- Work instructions
The response should be the lines of the data, starting at the first and ending at the one that contains "Heating Pad for Period", copied without change.

Data entries
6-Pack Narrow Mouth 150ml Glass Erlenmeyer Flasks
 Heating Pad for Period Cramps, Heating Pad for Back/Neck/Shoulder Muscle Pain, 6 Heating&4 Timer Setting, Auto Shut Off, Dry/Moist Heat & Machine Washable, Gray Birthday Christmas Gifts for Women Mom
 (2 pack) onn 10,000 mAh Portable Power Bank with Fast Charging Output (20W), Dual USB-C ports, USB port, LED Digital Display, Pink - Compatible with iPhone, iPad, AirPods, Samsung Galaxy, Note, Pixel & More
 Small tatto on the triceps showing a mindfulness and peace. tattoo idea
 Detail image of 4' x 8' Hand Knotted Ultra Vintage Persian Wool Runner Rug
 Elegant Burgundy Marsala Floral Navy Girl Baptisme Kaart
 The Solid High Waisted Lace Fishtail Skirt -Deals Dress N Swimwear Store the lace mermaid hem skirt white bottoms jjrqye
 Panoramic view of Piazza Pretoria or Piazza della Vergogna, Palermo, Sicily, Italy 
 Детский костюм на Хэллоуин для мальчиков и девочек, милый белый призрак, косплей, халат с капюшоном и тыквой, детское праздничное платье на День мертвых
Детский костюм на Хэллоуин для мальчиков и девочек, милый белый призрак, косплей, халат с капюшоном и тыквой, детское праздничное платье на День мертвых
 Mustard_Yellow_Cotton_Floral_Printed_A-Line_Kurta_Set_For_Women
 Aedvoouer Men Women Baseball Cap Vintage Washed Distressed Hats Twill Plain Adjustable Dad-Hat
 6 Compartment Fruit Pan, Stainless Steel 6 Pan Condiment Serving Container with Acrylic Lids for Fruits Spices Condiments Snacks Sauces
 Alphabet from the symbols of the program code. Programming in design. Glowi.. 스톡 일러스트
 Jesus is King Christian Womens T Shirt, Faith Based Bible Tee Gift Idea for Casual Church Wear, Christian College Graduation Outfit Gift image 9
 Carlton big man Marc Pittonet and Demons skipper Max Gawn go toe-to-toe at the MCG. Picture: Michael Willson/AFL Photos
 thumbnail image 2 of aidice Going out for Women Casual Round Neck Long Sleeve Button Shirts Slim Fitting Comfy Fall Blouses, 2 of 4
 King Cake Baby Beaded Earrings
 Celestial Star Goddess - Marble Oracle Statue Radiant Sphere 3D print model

- Response box
6-Pack Narrow Mouth 150ml Glass Erlenmeyer Flasks
 Heating Pad for Period Cramps, Heating Pad for Back/Neck/Shoulder Muscle Pain, 6 Heating&4 Timer Setting, Auto Shut Off, Dry/Moist Heat & Machine Washable, Gray Birthday Christmas Gifts for Women Mom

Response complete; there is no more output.